YOUR OBJECTIVE: Copy exactly the stretch of lines from the one holding "two beds in" through the last line of the data below, inclusive. Leave out pictures.

THE INPUT:
┄┄┄┄┄┄┄┄┄┄┄┄┄┄┄┄┄┄┄┄

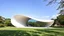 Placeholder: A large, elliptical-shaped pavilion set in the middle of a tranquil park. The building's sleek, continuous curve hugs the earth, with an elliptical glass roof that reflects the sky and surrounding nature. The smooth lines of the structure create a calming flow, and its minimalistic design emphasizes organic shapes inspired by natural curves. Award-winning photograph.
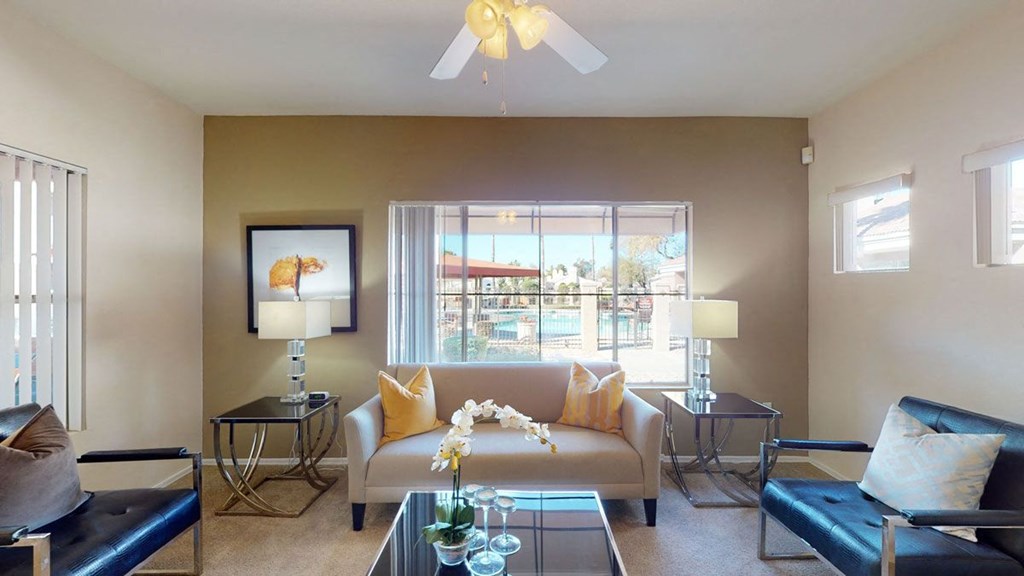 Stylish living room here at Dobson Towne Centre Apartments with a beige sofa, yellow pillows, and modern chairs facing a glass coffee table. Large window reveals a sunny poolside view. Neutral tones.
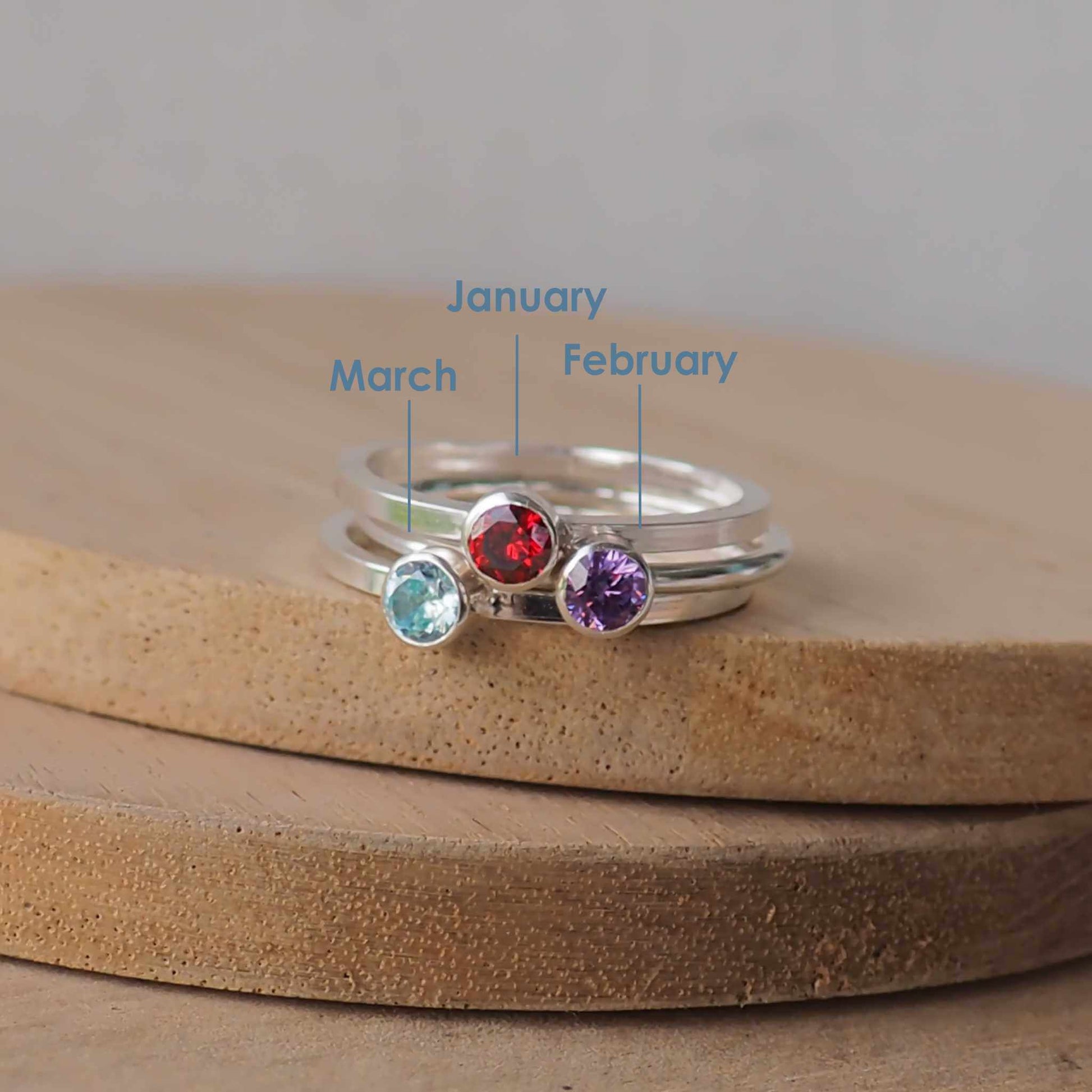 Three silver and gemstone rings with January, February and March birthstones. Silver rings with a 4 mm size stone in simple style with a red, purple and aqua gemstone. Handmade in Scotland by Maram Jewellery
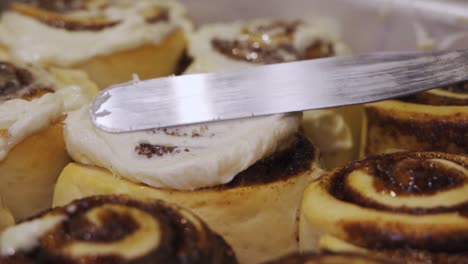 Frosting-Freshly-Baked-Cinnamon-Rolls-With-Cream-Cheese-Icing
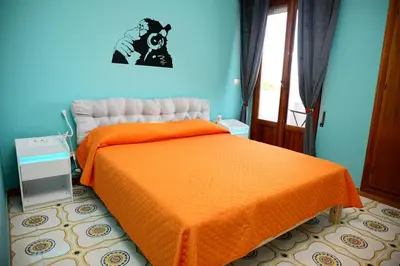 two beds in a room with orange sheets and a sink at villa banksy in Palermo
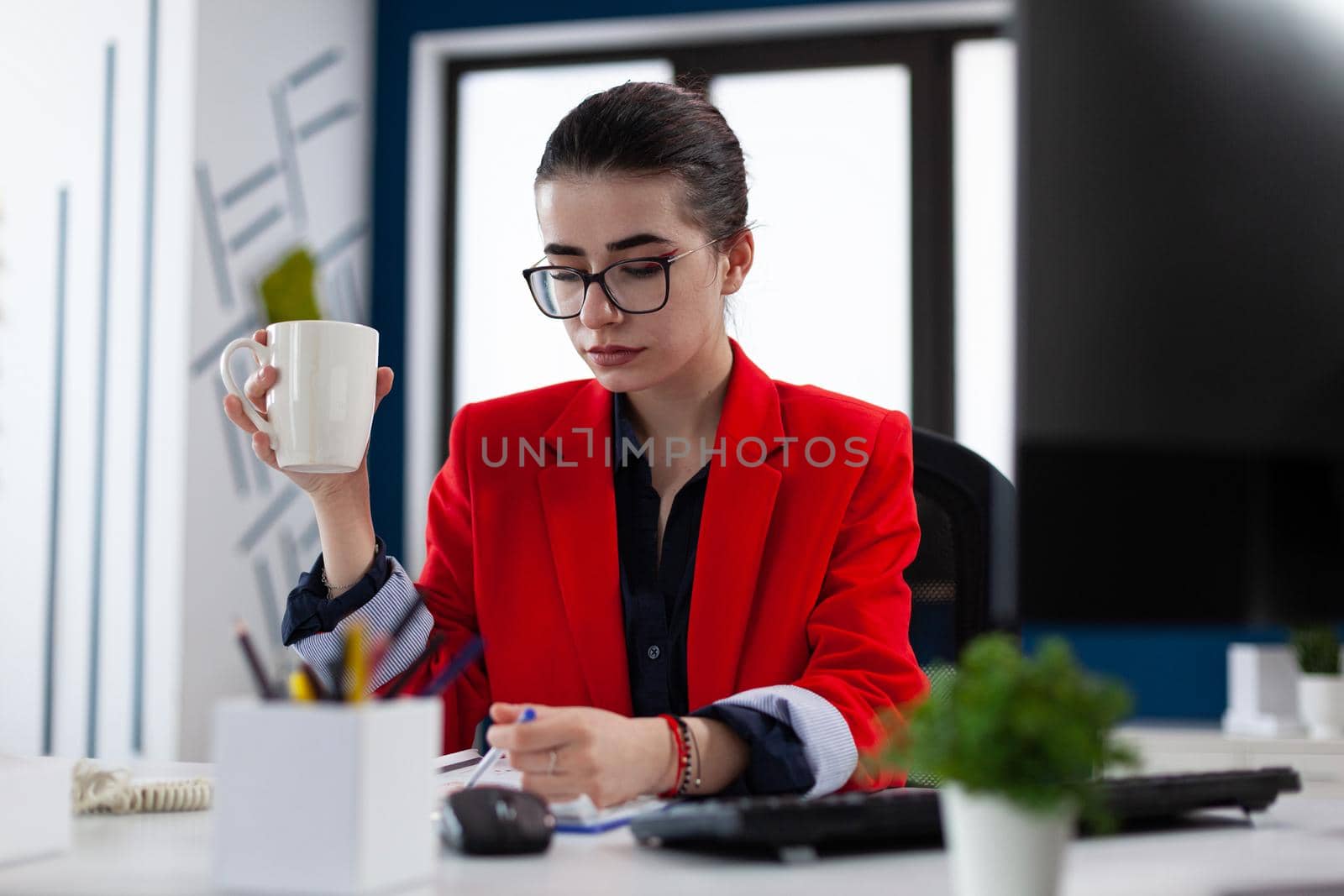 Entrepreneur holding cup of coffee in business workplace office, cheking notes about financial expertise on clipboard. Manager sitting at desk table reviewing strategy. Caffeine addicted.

┄┄┄┄┄┄┄┄┄┄┄┄┄┄┄┄┄┄┄┄

EXERCISE OUTPUT:
 two beds in a room with orange sheets and a sink at villa banksy in Palermo
 Entrepreneur holding cup of coffee in business workplace office, cheking notes about financial expertise on clipboard. Manager sitting at desk table reviewing strategy. Caffeine addicted.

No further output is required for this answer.